» GIVEN DATA:
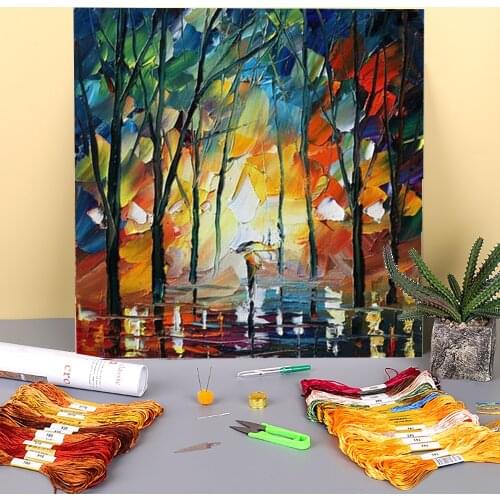 Little Park Printed Water-Soluble Canvas 11CT Cross Stitch Kit DIY Embroidery DMC Threads Painting Hobby Needlework Adults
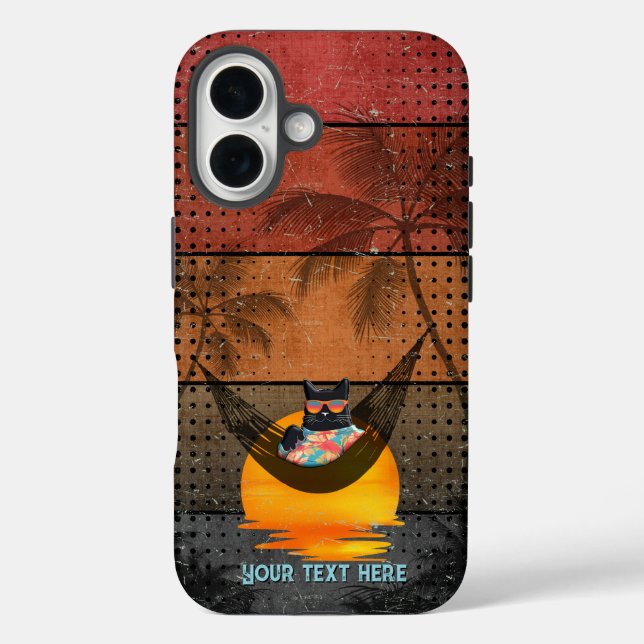 Coques Case-Mate iPhone L'évasion tropicale du Chat Cool (Verso)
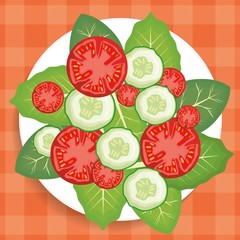 dish with healthy vegetables icon over orange background. colorful design. vector illustration
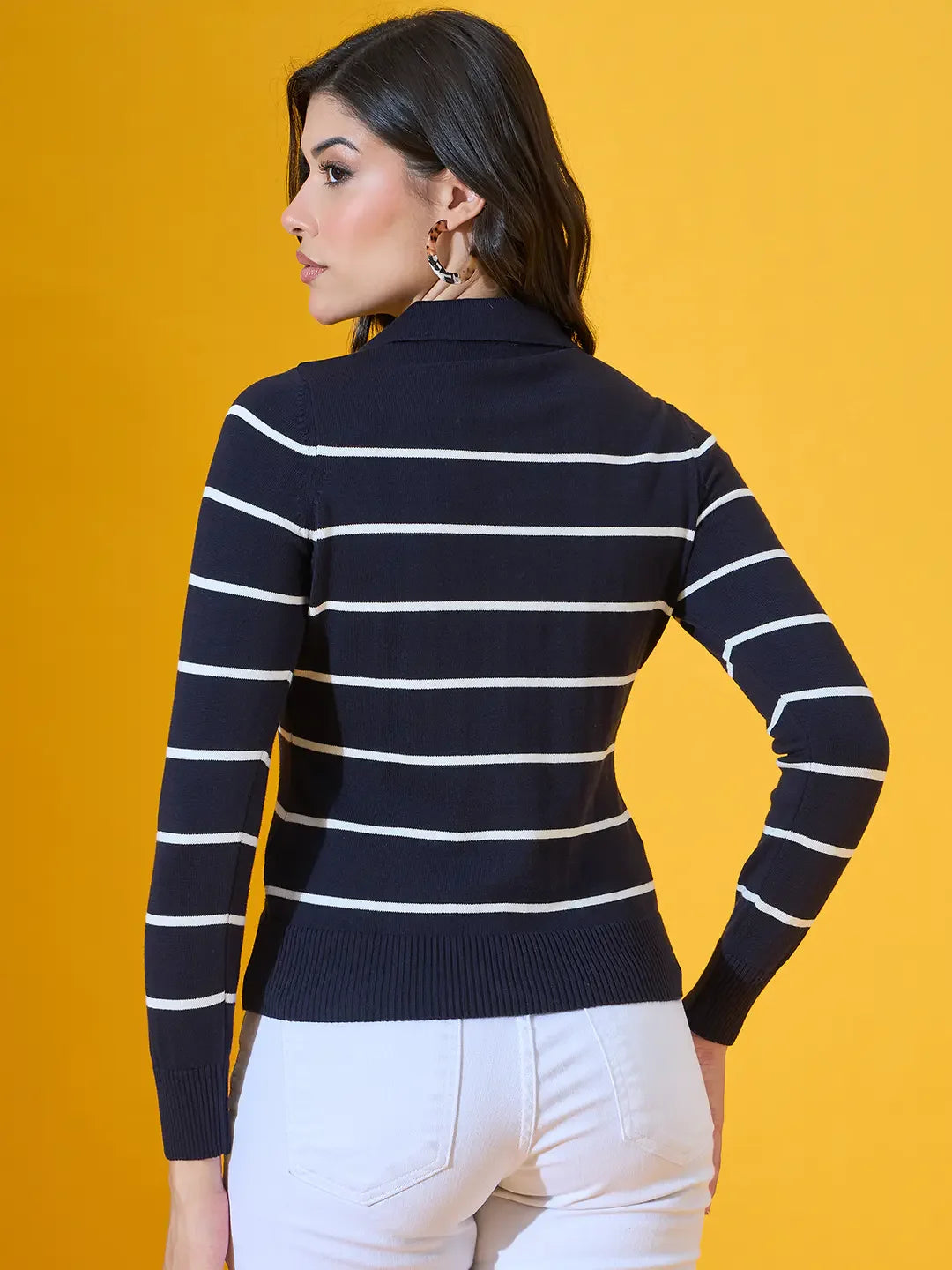 Woman in 98degreenorth Navy Striped Collared Knit Sweater, ideal for work or weekends; stylish women's knitwear.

» WORK REQUEST: The whole of the data above needs retyping exactly, with pictures omitted.

» TASK RESPONSE:
 Little Park Printed Water-Soluble Canvas 11CT Cross Stitch Kit DIY Embroidery DMC Threads Painting Hobby Needlework Adults
 Coques Case-Mate iPhone L'évasion tropicale du Chat Cool (Verso)
 dish with healthy vegetables icon over orange background. colorful design. vector illustration
 Woman in 98degreenorth Navy Striped Collared Knit Sweater, ideal for work or weekends; stylish women's knitwear.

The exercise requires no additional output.